Em certo momento, um pequeno arco-íris, um começo de arco-íris apareceu.
O céu fica pesado de nuvens em vários tons de cinzento. Mas o azul intenso está lá como fundo e de vez em quando assoma exuberante, límpido, profundo.
Seguidamente, desaparece o arco-íris, mas não a música que o lembra cantada por Judy Garland num velho filme de culto, somewhere over the rainbow. Essa permanece na minha cabeça com todas as suas branduras e feitiços.
O mar com algum movimento e ondas de espuma branca é cinzento escuro acastanhado, como se não quisesse ser visto e notado.
E volta o arco-íris, mais acentuadas as cores vibrantes.
É um cenário atraente com a passarada a cruzar muito acima, muito alto, como de costume para norte; e também para sul, reparo agora, possivelmente com destino apropriado. Pensam na sobrevivência, procuram o que comer – é um bom pensamento que sobretudo ocupa sem grandes cuidados, nesta beira-mar.
Somewhere over the rainbow…
Aqui o céu em Abril é excelente modelo para uma pintura contemporânea.
Saí para uma volta.
Subitamente, cai uma chuvada sobre mim, tomba sobre mim toda a chuva daquela nuvem mais negra! Será isto o próprio desta beira-mar na nossa cidade? Chuva repentina e, já agora, não-esperada por mim, sempre cheia de amor pela paisagem luminosa…

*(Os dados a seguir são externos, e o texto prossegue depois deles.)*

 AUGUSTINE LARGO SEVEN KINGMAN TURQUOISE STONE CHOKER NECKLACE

Tal como não revivo Abril, outros abris ou abriles (que esquisito), também me não recordo de não me recordar de maneira tão fechada, de como vim até aqui e donde vim.

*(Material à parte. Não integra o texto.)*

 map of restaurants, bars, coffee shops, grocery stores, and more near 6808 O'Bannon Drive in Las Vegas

Acho que posso imaginar que parti e cheguei, vinda do outro lado do horizonte que de há muito sobremodo me fascina, de pé sobre a água, de rosto para esta margem.
E de surpresa, estaquei, virei costas e mudei de perspectiva. Fiquei aqui a contemplar o brilho variável da água que reflecte o firmamento conforme a hora do dia, a estação do ano e os caprichos de vários elementos que se conjugam ou conflituam.
Sinto que surgi num dia de sol colorido de Inverno, deslumbrante. É justo ficar à espera, nesta época de alongado absorvimento diário e de contemplação, de uma revelação convincente. O meu desejo não é ver nesta preguiça actual das ondas cinzentas, com o sol longe a rasar a água quase parada, um mal disfarçado desalento dele que me transportou.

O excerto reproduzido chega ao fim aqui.